# [Task statement]
Reproduce the data that follows precisely.

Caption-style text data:
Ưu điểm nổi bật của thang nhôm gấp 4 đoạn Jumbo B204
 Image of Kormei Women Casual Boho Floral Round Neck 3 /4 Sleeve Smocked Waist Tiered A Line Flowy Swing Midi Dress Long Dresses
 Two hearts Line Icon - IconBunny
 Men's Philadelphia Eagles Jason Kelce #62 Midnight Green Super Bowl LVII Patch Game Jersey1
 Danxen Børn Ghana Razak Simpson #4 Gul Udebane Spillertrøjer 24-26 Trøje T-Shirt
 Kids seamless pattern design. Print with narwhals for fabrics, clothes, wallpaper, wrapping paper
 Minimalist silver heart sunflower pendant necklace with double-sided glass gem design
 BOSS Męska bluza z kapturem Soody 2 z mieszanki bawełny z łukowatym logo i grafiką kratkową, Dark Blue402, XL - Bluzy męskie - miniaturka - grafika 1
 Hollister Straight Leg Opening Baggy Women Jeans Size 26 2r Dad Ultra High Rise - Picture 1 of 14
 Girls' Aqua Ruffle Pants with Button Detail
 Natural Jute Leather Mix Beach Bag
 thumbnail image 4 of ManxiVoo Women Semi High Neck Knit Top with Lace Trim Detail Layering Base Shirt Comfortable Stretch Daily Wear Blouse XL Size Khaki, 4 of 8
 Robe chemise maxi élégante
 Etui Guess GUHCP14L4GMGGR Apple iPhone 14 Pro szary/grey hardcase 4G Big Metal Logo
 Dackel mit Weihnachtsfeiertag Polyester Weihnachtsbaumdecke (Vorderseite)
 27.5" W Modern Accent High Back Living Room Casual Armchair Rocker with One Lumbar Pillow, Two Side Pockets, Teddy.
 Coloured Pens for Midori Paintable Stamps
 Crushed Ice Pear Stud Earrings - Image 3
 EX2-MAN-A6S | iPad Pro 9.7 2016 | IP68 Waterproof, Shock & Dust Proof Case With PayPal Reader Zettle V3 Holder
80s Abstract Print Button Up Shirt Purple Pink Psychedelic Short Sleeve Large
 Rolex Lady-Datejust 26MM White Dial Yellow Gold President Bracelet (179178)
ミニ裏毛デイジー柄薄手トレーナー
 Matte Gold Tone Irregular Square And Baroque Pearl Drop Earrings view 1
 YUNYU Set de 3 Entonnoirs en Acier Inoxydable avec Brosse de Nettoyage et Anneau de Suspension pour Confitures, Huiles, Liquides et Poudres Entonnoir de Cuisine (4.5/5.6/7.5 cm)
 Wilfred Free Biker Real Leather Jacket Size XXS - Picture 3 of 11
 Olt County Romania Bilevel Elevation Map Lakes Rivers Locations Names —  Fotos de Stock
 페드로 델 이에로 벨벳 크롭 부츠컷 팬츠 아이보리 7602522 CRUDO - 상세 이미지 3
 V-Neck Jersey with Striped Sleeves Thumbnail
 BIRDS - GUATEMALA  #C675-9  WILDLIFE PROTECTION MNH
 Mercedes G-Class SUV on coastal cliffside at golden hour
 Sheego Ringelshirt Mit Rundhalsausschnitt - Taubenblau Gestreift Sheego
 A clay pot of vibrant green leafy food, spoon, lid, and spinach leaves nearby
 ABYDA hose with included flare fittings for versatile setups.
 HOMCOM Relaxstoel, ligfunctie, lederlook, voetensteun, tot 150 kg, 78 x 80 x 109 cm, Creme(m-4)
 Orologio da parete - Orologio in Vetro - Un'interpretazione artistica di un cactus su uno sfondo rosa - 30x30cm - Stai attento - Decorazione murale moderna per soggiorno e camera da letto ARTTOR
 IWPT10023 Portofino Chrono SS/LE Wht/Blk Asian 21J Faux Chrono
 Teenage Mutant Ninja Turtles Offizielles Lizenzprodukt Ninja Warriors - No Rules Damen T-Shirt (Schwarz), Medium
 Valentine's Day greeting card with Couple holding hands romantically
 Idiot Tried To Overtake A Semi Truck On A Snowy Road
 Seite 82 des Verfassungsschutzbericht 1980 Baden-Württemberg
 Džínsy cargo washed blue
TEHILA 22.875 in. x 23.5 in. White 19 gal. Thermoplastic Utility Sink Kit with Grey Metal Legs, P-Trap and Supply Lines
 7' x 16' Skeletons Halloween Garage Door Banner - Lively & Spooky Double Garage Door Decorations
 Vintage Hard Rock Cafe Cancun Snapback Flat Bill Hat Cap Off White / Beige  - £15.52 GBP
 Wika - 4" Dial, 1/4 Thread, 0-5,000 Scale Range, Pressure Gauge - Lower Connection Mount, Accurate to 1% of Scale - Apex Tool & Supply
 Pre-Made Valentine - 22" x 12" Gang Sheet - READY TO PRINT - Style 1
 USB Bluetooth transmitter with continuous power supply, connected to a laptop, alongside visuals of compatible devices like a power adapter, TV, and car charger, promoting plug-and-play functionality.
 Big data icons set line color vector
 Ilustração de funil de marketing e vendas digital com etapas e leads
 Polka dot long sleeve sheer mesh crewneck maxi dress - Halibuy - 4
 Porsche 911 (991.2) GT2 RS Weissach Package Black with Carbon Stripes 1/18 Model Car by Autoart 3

# [Answer to this exercise]
Ưu điểm nổi bật của thang nhôm gấp 4 đoạn Jumbo B204
 Image of Kormei Women Casual Boho Floral Round Neck 3 /4 Sleeve Smocked Waist Tiered A Line Flowy Swing Midi Dress Long Dresses
 Two hearts Line Icon - IconBunny
 Men's Philadelphia Eagles Jason Kelce #62 Midnight Green Super Bowl LVII Patch Game Jersey1
 Danxen Børn Ghana Razak Simpson #4 Gul Udebane Spillertrøjer 24-26 Trøje T-Shirt
 Kids seamless pattern design. Print with narwhals for fabrics, clothes, wallpaper, wrapping paper
 Minimalist silver heart sunflower pendant necklace with double-sided glass gem design
 BOSS Męska bluza z kapturem Soody 2 z mieszanki bawełny z łukowatym logo i grafiką kratkową, Dark Blue402, XL - Bluzy męskie - miniaturka - grafika 1
 Hollister Straight Leg Opening Baggy Women Jeans Size 26 2r Dad Ultra High Rise - Picture 1 of 14
 Girls' Aqua Ruffle Pants with Button Detail
 Natural Jute Leather Mix Beach Bag
 thumbnail image 4 of ManxiVoo Women Semi High Neck Knit Top with Lace Trim Detail Layering Base Shirt Comfortable Stretch Daily Wear Blouse XL Size Khaki, 4 of 8
 Robe chemise maxi élégante
 Etui Guess GUHCP14L4GMGGR Apple iPhone 14 Pro szary/grey hardcase 4G Big Metal Logo
 Dackel mit Weihnachtsfeiertag Polyester Weihnachtsbaumdecke (Vorderseite)
 27.5" W Modern Accent High Back Living Room Casual Armchair Rocker with One Lumbar Pillow, Two Side Pockets, Teddy.
 Coloured Pens for Midori Paintable Stamps
 Crushed Ice Pear Stud Earrings - Image 3
 EX2-MAN-A6S | iPad Pro 9.7 2016 | IP68 Waterproof, Shock & Dust Proof Case With PayPal Reader Zettle V3 Holder
80s Abstract Print Button Up Shirt Purple Pink Psychedelic Short Sleeve Large
 Rolex Lady-Datejust 26MM White Dial Yellow Gold President Bracelet (179178)
ミニ裏毛デイジー柄薄手トレーナー
 Matte Gold Tone Irregular Square And Baroque Pearl Drop Earrings view 1
 YUNYU Set de 3 Entonnoirs en Acier Inoxydable avec Brosse de Nettoyage et Anneau de Suspension pour Confitures, Huiles, Liquides et Poudres Entonnoir de Cuisine (4.5/5.6/7.5 cm)
 Wilfred Free Biker Real Leather Jacket Size XXS - Picture 3 of 11
 Olt County Romania Bilevel Elevation Map Lakes Rivers Locations Names —  Fotos de Stock
 페드로 델 이에로 벨벳 크롭 부츠컷 팬츠 아이보리 7602522 CRUDO - 상세 이미지 3
 V-Neck Jersey with Striped Sleeves Thumbnail
 BIRDS - GUATEMALA  #C675-9  WILDLIFE PROTECTION MNH
 Mercedes G-Class SUV on coastal cliffside at golden hour
 Sheego Ringelshirt Mit Rundhalsausschnitt - Taubenblau Gestreift Sheego
 A clay pot of vibrant green leafy food, spoon, lid, and spinach leaves nearby
 ABYDA hose with included flare fittings for versatile setups.
 HOMCOM Relaxstoel, ligfunctie, lederlook, voetensteun, tot 150 kg, 78 x 80 x 109 cm, Creme(m-4)
 Orologio da parete - Orologio in Vetro - Un'interpretazione artistica di un cactus su uno sfondo rosa - 30x30cm - Stai attento - Decorazione murale moderna per soggiorno e camera da letto ARTTOR
 IWPT10023 Portofino Chrono SS/LE Wht/Blk Asian 21J Faux Chrono
 Teenage Mutant Ninja Turtles Offizielles Lizenzprodukt Ninja Warriors - No Rules Damen T-Shirt (Schwarz), Medium
 Valentine's Day greeting card with Couple holding hands romantically
 Idiot Tried To Overtake A Semi Truck On A Snowy Road
 Seite 82 des Verfassungsschutzbericht 1980 Baden-Württemberg
 Džínsy cargo washed blue
TEHILA 22.875 in. x 23.5 in. White 19 gal. Thermoplastic Utility Sink Kit with Grey Metal Legs, P-Trap and Supply Lines
 7' x 16' Skeletons Halloween Garage Door Banner - Lively & Spooky Double Garage Door Decorations
 Vintage Hard Rock Cafe Cancun Snapback Flat Bill Hat Cap Off White / Beige  - £15.52 GBP
 Wika - 4" Dial, 1/4 Thread, 0-5,000 Scale Range, Pressure Gauge - Lower Connection Mount, Accurate to 1% of Scale - Apex Tool & Supply
 Pre-Made Valentine - 22" x 12" Gang Sheet - READY TO PRINT - Style 1
 USB Bluetooth transmitter with continuous power supply, connected to a laptop, alongside visuals of compatible devices like a power adapter, TV, and car charger, promoting plug-and-play functionality.
 Big data icons set line color vector
 Ilustração de funil de marketing e vendas digital com etapas e leads
 Polka dot long sleeve sheer mesh crewneck maxi dress - Halibuy - 4
 Porsche 911 (991.2) GT2 RS Weissach Package Black with Carbon Stripes 1/18 Model Car by Autoart 3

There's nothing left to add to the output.